I don’t believe government regulations can ever truly be effective. Over the past three and a half years, we’ve all seen how grey imports work (I am speaking about Russia getting the high tech elements for its weapons) — but in reality, there’s a loophole for almost every law you can imagine.


Take my own field — games. Everyone knows that mobile games make money from microtransactions. And the best way to hide the real price of an item is to put it inside some kind of loot box. Your “Sword of a Thousand Truths” might drop from a box that costs one dollar — but the chance is 0.00001%. You can simply omit that number or bury it on the tenth screen if you’re forced to disclose it.


Governments — like China — try to ban loot boxes. You can’t sell them for real currency! You can’t even sell in-game currency for yuan if that currency can be used to buy loot boxes! So what do developers do? Easy. I’ll sell you gold for yuan, coupons for gold, and boxes for coupons. Then I’ll add ways to earn gold and coupons for free — and voilà, we have a completely “free-to-play” game. Sure, you can now try your luck ten times instead of one, so your odds of getting the sword have increased to a whopping 0.0001%!


Let’s say the government somehow manages to ban any kind of paid randomization altogether. Fine. You know what I’ll do next?


I’ll show the player exactly what’s inside the box. Literally: the box costs one dollar, and inside you’ll get a tin spoon shard and a Winnie-the-Pooh extract. Want it? Great! The next item that appears will be different. Maybe we’ll even offer you the Sword of a Thousand Truths for the same dollar next time.


See what’s happening? The player technically pays for something known — but what they’re actually buying is still the chance.

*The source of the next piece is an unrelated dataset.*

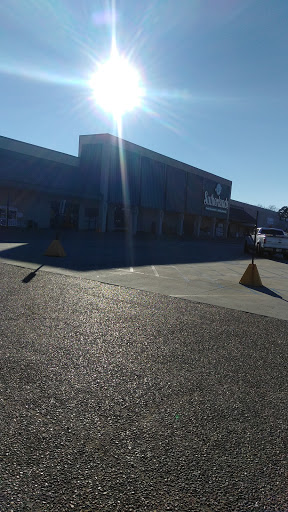 Home Improvement Store «Sutherlands», reviews and photos, 2705 W 70th St, Shreveport, LA 71108, USA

The truth is, governments can’t possibly invent as many solutions as businesses can find loopholes. There’s a simple reason for that: a bureaucrat writing legal definitions gets paid whether or not he covers every edge case. But a business has to find a workaround — or it dies.


In the end, governments are doomed to remain reactive. Which means, frankly, they might as well do nothing at all.